Today we bring you the eleventh in our Oral Stories series from women in Afghanistan who were denied the opportunity to learn to read or write. For this section, AWWP interviewers across Afghanistan asked women to talk about the impact of gender discrimination in their lives. The interviews published here were recorded and transcribed, translated, and edited in English for clarity.

In this section you will hear from Asma Gul, a 35-year-old mother in Kabul, who describes the impact of treating sons and daughters so differently. In My Father Said He Loved My Brothers More Than Me she says:I broke off relations with my family, especially with my brothers.
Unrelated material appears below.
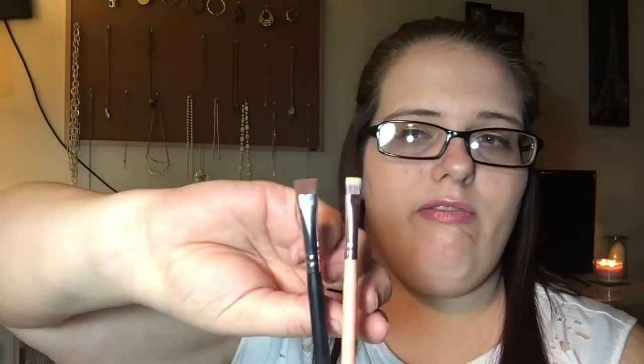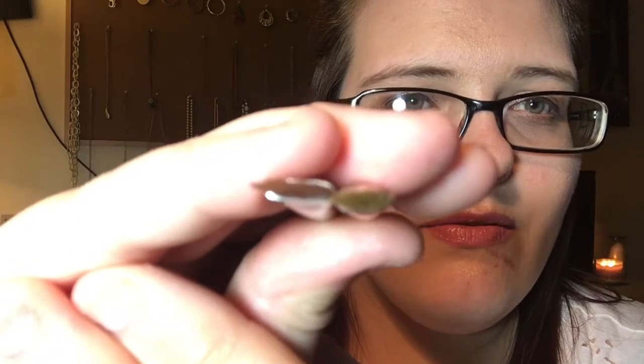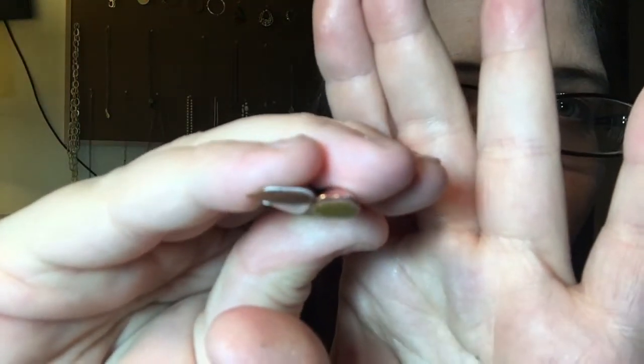And then this is a flat eyeliner brush. I use this to define my lower lash line. I get right up in there against my lower lash line, and then I use the other brush to buff it out. They're almost similar but the flat eyeliner brush is way thinner. So this one I use for defining the lower lash line and getting right up against that waterline. Then I take the flat eyeliner and go underneath it with a little bit of darker color and smoke it out.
When parents create discrimination among their children, the children will hate each other. This is a kind of parental violence.”
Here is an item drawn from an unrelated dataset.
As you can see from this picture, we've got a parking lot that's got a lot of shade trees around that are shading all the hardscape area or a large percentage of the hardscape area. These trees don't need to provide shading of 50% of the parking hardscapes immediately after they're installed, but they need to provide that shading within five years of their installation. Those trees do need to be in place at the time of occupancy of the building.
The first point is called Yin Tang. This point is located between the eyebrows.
From Herat, Fatimah explains in Supporting Five Daughters Becomes a Woman’s Responsibility how her husband abandoned her because he didn’t want girls. “When I asked him to work, he said:  ‘I don’t want to spend my life on five daughters. You gave birth to them so you are responsible for feeding them.’ ”

In Women Against Women: A Demonic Mother-in-Law, 27-year-old Karima in Mazar-e-Sharif tells our interviewer how her father traded her to a man to pay off a debt and then her new mother-in-law kicked her out and sent her back to her parents because she was not pretty enough, and then her parents sent her back again because she was pregnant. “I went to my husband’s house, but my mother-in-law would not let me enter, so that night I slept in the yard. In the morning the elders of the family came and said to my mother-in- law, ‘She is pregnant. You should let her give birth to her baby and then you can decide.’”
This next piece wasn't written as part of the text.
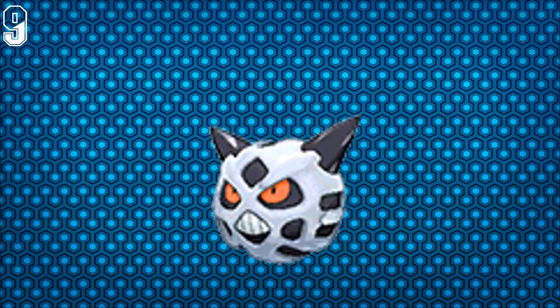Next for number 9 we have Glalie. It looks hilarious because it has red eyes — like, you mad bro? It looks like it would devastate you in a battle, but it still looks hilarious because it's a friendly Pokemon that now has red eyes.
In My Father Always Said “Just Learn to Cook,”  listen to Bibi Gul, at age 50, still lamenting the lack of education her family inflicted on her. My father told me education is not important for girls. I heard his words, but in my heart I always thought about going to school. It is still like a dream in my heart today. That was the worst violence my own parents did with me. I am like a blind person.”

Finally, in Married at Twelve, Adelah says she will never forgive her father:  “I don’t remember a single good day or a good memory from my life. Each year I gave birth to a baby. Because of that I became crazy. I did not know what I should do with all of these children.”